Exploring Short-Wavelength Phase-Matching Nonlinear Optical Crystals by Employing KBe 2 BO 3 F 2 as the Template.

Exploration of nonlinear optical (NLO) crystals that are competent in generating short-wavelength ultraviolet (UV, λ ≤ 266 nm, and even deep-UV, λ ≤ 200 nm) coherent light output by direct second harmonic generation (SHG) remains a formidable challenge. Herein, four UV/deep-UV NLO crystals, M 2 B 4 SO 10 (M = K, Rb, and Cs) and Rb 3 B 11 PO 19 F 3 , were successfully synthesized by evolving the KBe 2 BO 3 F 2 (KBBF) structure into mixed-anionic borosulfate and fluoroborophosphate systems.

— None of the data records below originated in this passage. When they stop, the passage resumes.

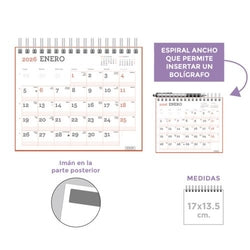 Calendario 2026 Magnético Senfort 17x13,5 cm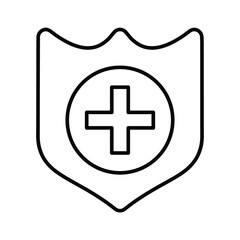 Medical shield, protect, protection, safety, security outline icon. Line vector sketch.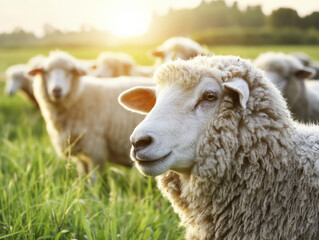 Fototapeta premium Close-up Portrait of Gentle Woolly Sheep in Sunny Field for Eid al-Adha Symbolism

They display functional [B 4 SO 10 ] ∞ or [B 11 PO 19 F 3 ] ∞ KBBF-type layers that are composed of [BO 3 ], [BO 4 ], and [SO 4 ] groups or [BO 3 ], [BO 4 ], [BO 3 F], and [PO 4 ] groups, respectively. Experimental characterization and numerical computation results indicate that these crystals possess exceptional NLO performance, including large SHG responses (0.9-1.7 × KDP at 1064 nm and 0.1-0.3 × β-BBO at 532 nm) and adequate birefringence to fulfill the SHG phase-matching (PM) condition at 266 nm. In particular, the shortest type-I PM wavelength (λ PM ) of Rb 3 B 11 PO 19 F 3 reaches 180 nm, which implies that Rb 3 B 11 PO 19 F 3 can become a prospective deep-UV NLO crystal. In addition, single crystals of K 2 B 4 SO 10 , Rb 2 B 4 SO 10 , and Cs 2 B 4 SO 10 are easily obtained by the high-temperature solution approach. This work will facilitate the discovery of short-wavelength PM NLO crystals by using the KBBF structure as the template.